#### Our algorithm

In our algorithm after doing gradient descent, Laplace's method for sampling, and Monte Carlo approximation of Bayesian marginalization, we need to compute the (posterior) prediction `mean` and `variance` using the following (code snippet from `10`), before we can plot our results

    for i, x_ in enumerate(v_samples_test):
        predictive_samples = []
        for theta_sample in theta_samples:
            predictive_mean = v_samples_test[i, :] @ theta_sample
            predictive_var = sigma_d**2
            individual_pred_dist = np.random.normal(predictive_mean, np.sqrt(predictive_var), num_samples_predictive_per_theta)
            predictive_samples.extend(individual_pred_dist)

        posterior_mean_y[i] = np.mean(predictive_samples)
        posterior_var_y[i] = np.var(predictive_samples)

    k_star_star = rbf_kernel(x_test, x_test, sigma_k)

    # Correction step
    posterior_var_y = posterior_var_y - np.diag(v_samples_test@v_samples_test.T) + np.diag(k_star_star)

    posterior_std_y = np.sqrt(posterior_var_y)

#### Correction for one but not for the other...

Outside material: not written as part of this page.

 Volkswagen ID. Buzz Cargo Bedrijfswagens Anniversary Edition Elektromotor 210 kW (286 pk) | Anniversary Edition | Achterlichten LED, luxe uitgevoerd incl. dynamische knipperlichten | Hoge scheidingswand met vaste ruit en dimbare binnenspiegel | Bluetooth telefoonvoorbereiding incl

In this computation, we simply take the `posterior_mean_y` from monte carlo as it is, while having to make correction to the posterior variance `posterior_var_y`

So, `why` is this?

Recall in `notes_04`, we described how our virtual samples from eigendecomposition are only approximations of true $\phi(x)$ induced by RBF kernel. Therefore, from where we get the approximated $\phi(x)$ matters

* In our algorithm, the $\phi(x)$ for `training data` are obtained using $X_k$, which is computed based on training data only

* However, the $\phi(x)$ for `testing data` are obtained using $X_{t,k}$, which is computed based on training data and testing data. As a result, the $\phi(x)$ for testing data can only preserve the correlation `between training and testing data`, it cannot preserve the correlation among testing data (which is defined by `k_star_star` in the code snippet)

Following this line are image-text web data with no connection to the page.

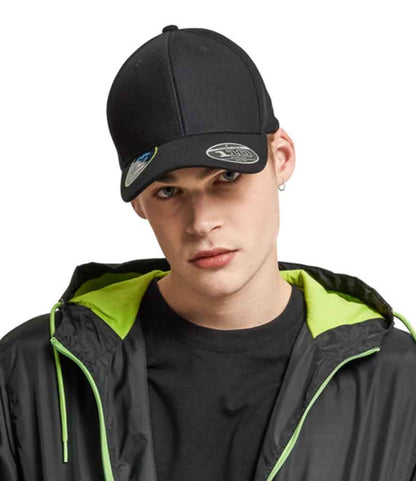 Flexfit F110P in Black
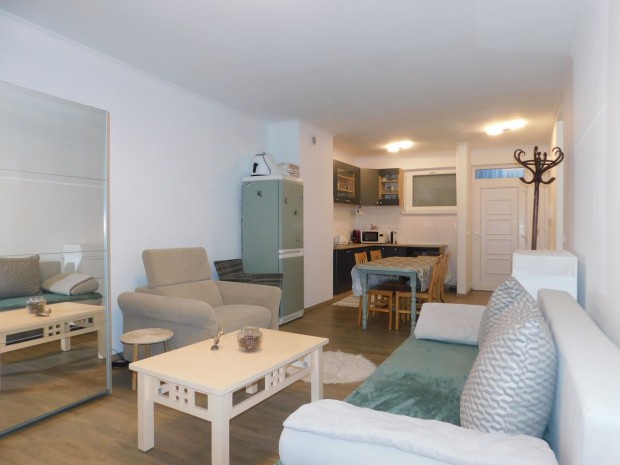 Fel�j�tott, els� emeleti erk�lyes lak�s elad� a nyugati v�rosr�szben!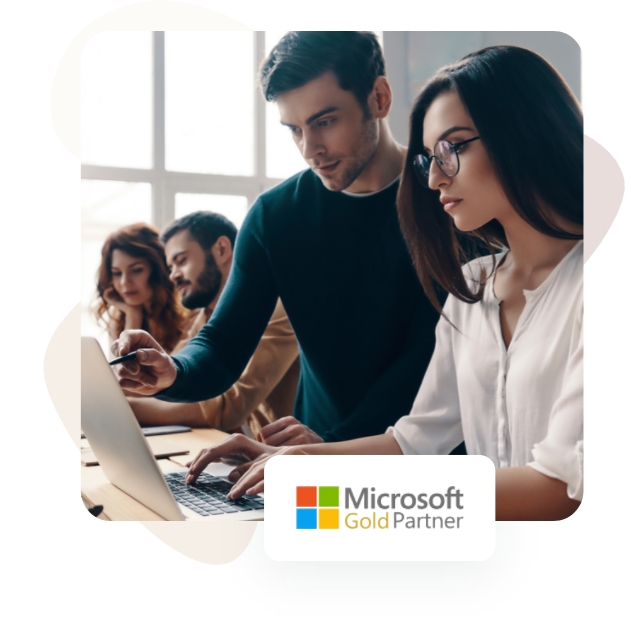 Lugar de trabajo ajetreado con una insignia de socio Gold de Microsoft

Based on above, we can see that

* if the prediction requires anything related to correlation among testing data, then our approximation will be off and a correction is needed
* if the prediction does not require anything related to correlation among testing data, then our approximation will be fine

#### `Analytical solution` of posterior mean and covariance

We can see it through analytical solution of our algorithm (from eq 2.12 in Rasmussen and Williams book on Gaussian processes)

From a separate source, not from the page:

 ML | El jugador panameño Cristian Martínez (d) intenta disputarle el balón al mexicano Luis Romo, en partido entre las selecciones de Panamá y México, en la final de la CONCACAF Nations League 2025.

The prediction mean `posterior_mean_y` is computed as

$$X_\text{t,k}(X_k+\sigma_d^2I)^{-1}y$$

while the prediction covariance matrix (the diagonal of which is `posterior_var_y`) is computed as

$$X_\text{test_test}-X_\text{t,k}(X_k+\sigma_d^2I)^{-1}X_\text{t,k}^T$$

From these two equations, we can see that

* prediction `mean` only relies on $X_{t,k}$ and $X_k$, which can be well approximated using dot products of virtual samples obtained in our algorithm since these two are used to generate our virtual samples in the first place
* prediction `covariance` matrix requires computation of $X_{test,test}$, which our virtual samples cannot approximate well with dot products

As a result, only the prediction variance needs to be corrected, by

* first, subtracting the inaccurate estimation of `k_star_star` based on the dot product of virtual samples `- np.diag(self.v_samples_test @ self.v_samples_test.T)`
* then, adding back the true `k_star_star` based on RBF kernel function `+ np.diag(self.k_star_star)`

Since we only need diagonal components of covariance matrix for our purpose, which is to visualize the prediction variance at each `x_test`, in the future, we can avoid computation of full `k_star_star` and only compute the diagonal of this matrix (which includes just a vector of one's)